• _WHAT YOU ARE ASKED TO DO_: Give back exactly the stretch of data below from the line holding "fall, sweater, fall" through the line holding "Funny Hipster Santa", both ends included, and leave the remaining lines out.

• _SOURCE DATA_:
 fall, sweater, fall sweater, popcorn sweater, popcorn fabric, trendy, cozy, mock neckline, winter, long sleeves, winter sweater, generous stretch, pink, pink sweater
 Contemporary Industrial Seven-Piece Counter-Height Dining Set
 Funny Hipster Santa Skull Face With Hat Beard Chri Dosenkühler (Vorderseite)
==
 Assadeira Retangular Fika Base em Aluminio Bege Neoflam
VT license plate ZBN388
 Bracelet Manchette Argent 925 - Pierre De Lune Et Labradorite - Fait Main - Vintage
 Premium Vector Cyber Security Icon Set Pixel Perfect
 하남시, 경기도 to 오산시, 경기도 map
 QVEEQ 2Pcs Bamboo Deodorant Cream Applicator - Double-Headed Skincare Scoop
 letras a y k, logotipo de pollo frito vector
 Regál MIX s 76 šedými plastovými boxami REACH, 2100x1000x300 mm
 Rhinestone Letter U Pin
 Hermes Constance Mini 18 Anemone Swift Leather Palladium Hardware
* * *
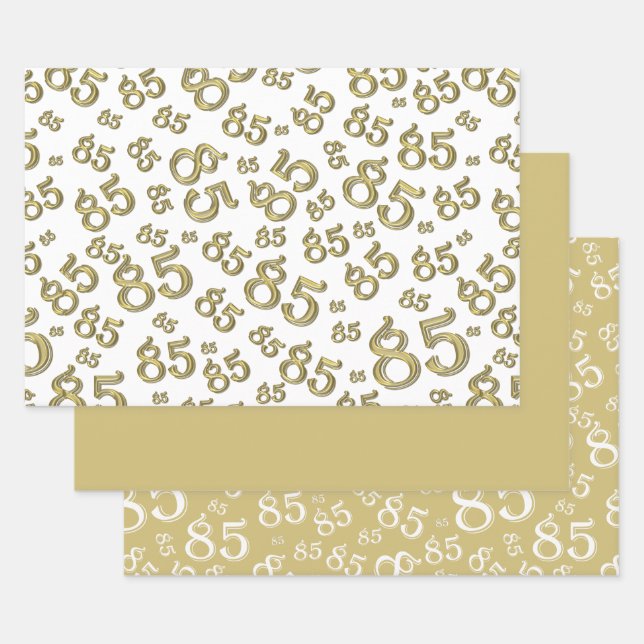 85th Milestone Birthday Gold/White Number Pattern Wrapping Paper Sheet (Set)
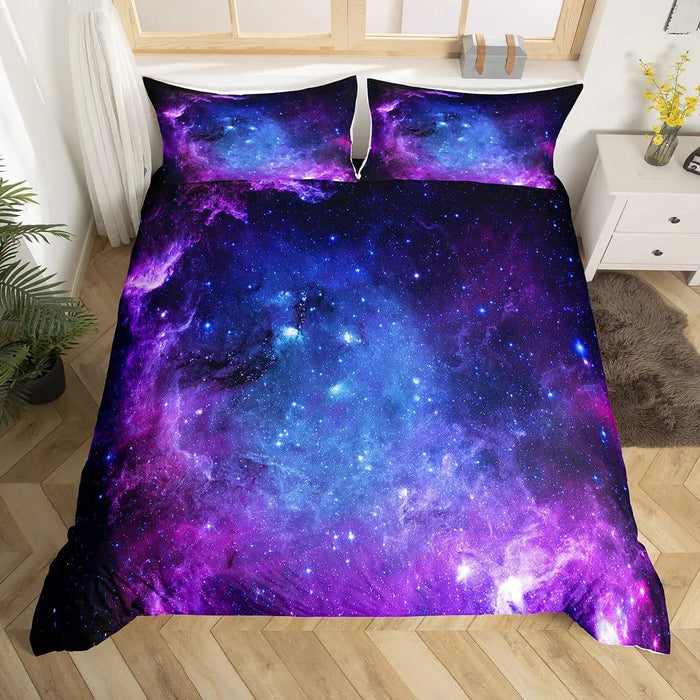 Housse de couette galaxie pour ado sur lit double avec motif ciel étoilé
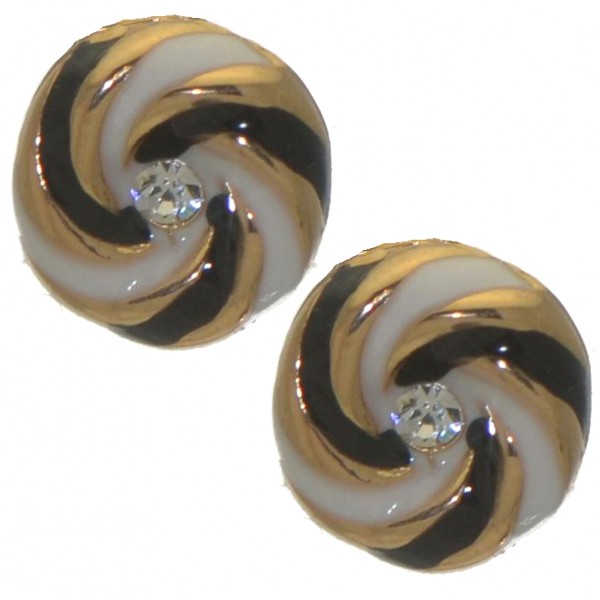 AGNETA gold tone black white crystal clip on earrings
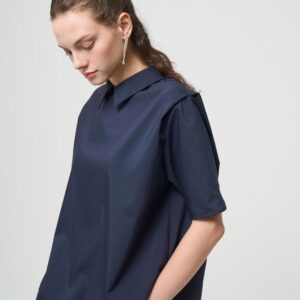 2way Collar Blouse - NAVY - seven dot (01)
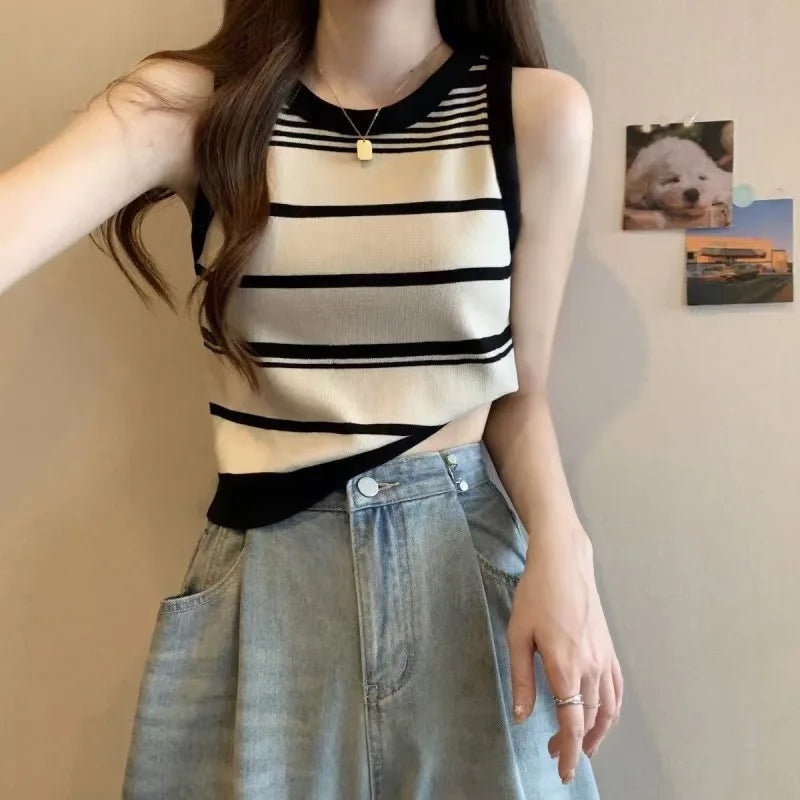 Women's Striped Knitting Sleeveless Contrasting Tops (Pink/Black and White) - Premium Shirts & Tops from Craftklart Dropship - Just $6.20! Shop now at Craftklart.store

• _EXERCISE RESPONSE_:
 fall, sweater, fall sweater, popcorn sweater, popcorn fabric, trendy, cozy, mock neckline, winter, long sleeves, winter sweater, generous stretch, pink, pink sweater
 Contemporary Industrial Seven-Piece Counter-Height Dining Set
 Funny Hipster Santa Skull Face With Hat Beard Chri Dosenkühler (Vorderseite)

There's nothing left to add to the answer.